Plastic storage boxes – a good but stopgap soltution

After trialling several small hothouses on the retail market and deciding they were absolute crap I was spurned on even more to create a permanent greenhouse of my own. I came up with the solution several years ago – I wanted an old phone box to use as a greenhouse. After an initial bit of research it was clear that the idea was good but the price tag of vintage phone boxes was severely preclusive. There was no way I was going to pay three thousand for a beaten up old phone box that needed significant repairs – three grand was the starting point for boxes I’d found online. I settled on using old French doors to knock up a lookalike phone box instead.

The inspiration for my greenhouse.

Good solution, I hear you say, and it was. There were two problems that turned this handy weekend of tinkering into a three-year project. The first was finding matching French doors; scouring local tip shops religiously for years, the odd one would appear but none of their dimensions matched later finds.
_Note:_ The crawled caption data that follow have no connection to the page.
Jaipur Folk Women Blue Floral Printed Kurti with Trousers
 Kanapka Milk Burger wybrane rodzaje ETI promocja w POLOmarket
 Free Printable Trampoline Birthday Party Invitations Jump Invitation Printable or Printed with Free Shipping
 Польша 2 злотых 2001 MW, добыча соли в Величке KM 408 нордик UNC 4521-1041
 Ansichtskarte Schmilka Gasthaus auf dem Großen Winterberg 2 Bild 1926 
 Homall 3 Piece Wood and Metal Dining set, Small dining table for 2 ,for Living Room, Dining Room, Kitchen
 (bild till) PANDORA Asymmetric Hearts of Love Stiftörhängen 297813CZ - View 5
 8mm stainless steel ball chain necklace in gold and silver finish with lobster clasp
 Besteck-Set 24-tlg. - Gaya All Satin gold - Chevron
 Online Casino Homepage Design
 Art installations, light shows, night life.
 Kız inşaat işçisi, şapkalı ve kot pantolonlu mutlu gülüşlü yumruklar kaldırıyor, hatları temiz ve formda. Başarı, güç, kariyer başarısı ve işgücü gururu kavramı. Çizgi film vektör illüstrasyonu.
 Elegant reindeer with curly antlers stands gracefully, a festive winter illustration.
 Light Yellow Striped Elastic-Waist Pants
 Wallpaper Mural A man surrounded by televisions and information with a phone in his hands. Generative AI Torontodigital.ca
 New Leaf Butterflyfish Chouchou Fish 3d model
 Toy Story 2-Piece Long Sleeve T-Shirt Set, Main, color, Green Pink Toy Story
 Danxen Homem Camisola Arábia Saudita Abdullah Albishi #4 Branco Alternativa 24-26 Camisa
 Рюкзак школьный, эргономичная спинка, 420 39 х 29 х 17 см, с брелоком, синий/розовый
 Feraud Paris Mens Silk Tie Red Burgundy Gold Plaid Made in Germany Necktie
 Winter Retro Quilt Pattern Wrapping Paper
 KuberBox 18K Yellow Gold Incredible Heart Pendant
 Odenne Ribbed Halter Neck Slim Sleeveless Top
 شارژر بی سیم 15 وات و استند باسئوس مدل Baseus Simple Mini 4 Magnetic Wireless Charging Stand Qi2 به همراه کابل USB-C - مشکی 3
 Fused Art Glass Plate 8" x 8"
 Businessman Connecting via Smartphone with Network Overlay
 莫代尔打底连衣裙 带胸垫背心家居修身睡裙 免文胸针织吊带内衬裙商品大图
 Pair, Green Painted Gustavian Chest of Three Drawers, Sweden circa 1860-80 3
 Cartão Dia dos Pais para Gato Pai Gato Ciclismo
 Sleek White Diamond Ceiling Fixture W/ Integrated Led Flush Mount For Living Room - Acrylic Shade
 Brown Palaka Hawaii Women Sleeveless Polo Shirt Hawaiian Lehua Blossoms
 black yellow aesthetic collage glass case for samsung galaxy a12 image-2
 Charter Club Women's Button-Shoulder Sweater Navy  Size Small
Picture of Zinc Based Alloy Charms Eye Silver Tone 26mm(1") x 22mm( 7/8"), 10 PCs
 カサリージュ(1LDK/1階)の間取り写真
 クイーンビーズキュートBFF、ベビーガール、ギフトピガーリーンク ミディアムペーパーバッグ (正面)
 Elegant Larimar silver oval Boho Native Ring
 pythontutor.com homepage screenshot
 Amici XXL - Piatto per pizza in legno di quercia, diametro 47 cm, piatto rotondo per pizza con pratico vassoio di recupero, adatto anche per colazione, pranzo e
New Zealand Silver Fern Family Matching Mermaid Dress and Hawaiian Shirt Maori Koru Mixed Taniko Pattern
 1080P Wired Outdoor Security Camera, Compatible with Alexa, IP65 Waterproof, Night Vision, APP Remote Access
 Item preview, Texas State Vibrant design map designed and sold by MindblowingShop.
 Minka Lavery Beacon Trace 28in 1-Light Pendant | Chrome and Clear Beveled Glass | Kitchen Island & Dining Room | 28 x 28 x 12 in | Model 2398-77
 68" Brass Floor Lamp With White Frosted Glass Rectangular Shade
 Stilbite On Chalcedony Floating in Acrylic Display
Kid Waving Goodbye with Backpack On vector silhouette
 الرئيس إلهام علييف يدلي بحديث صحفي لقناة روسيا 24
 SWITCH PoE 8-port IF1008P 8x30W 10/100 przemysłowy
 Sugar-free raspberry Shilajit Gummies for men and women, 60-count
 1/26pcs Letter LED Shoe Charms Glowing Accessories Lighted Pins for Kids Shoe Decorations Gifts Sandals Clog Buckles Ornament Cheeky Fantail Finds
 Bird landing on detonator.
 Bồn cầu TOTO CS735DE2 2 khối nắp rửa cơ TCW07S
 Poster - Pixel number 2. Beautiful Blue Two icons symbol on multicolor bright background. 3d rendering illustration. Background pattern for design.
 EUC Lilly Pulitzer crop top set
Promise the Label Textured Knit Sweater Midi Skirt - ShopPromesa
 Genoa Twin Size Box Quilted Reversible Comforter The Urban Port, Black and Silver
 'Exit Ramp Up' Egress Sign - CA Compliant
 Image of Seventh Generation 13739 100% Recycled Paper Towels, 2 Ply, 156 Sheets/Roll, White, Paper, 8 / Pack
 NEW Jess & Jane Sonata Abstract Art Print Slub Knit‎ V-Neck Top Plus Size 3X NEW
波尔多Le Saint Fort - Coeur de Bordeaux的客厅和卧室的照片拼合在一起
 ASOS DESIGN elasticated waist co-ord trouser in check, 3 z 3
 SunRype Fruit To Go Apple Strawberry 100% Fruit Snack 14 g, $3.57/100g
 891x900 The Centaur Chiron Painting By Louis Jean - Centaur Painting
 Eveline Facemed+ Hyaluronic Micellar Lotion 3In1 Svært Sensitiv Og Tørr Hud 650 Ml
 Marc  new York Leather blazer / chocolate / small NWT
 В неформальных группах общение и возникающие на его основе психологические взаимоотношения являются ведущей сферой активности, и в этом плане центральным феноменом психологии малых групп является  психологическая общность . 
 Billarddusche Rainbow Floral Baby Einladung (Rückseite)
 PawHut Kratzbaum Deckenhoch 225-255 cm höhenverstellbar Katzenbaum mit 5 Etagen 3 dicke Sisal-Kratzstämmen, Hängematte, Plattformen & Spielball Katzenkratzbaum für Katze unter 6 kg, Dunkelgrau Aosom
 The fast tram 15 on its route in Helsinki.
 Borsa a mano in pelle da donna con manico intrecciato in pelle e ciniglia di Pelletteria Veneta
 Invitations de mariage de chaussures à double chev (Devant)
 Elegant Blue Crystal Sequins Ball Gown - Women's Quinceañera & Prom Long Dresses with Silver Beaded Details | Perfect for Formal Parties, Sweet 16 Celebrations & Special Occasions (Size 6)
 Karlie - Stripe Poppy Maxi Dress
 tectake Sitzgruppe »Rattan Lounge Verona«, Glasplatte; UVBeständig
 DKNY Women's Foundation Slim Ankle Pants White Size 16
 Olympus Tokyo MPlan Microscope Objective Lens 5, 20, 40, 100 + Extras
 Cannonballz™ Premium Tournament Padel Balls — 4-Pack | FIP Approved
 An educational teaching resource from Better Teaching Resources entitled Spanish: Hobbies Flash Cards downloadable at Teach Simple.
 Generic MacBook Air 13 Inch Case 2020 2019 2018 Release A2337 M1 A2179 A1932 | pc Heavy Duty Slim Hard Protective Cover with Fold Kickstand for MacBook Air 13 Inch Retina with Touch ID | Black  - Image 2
To keep construction simple they had to be exactly the same size, which I’ll get to later.

The second problem I ran into was that whenever I did see French doors, even at the tip shop, they were well over one hundred dollars a piece.  Better than three thousand, but still hefty enough to get the hairs on my miserly Scottish neck bristling.

The doors I’d been searching for for years, finally home.

As luck would have it, while I took a break from work earlier this year to build the back garden I’d always wanted, low and behold five matching French doors appeared at the tip shop one February morning. Not only had I found the perfect doors that I’d been searching for for years, but I could take my pick of the bunch provided their price tag wasn’t exorbitant. There are ten glass panels on every door and the glass has a bevelled edge, which I thought would make them a bit more expensive than some of the others I’d seen before. I don’t believe in fate but it was one of those ‘it was meant to be’ moments when the bloke behind the counter said he was flogging them for $25 each. I’ll take three!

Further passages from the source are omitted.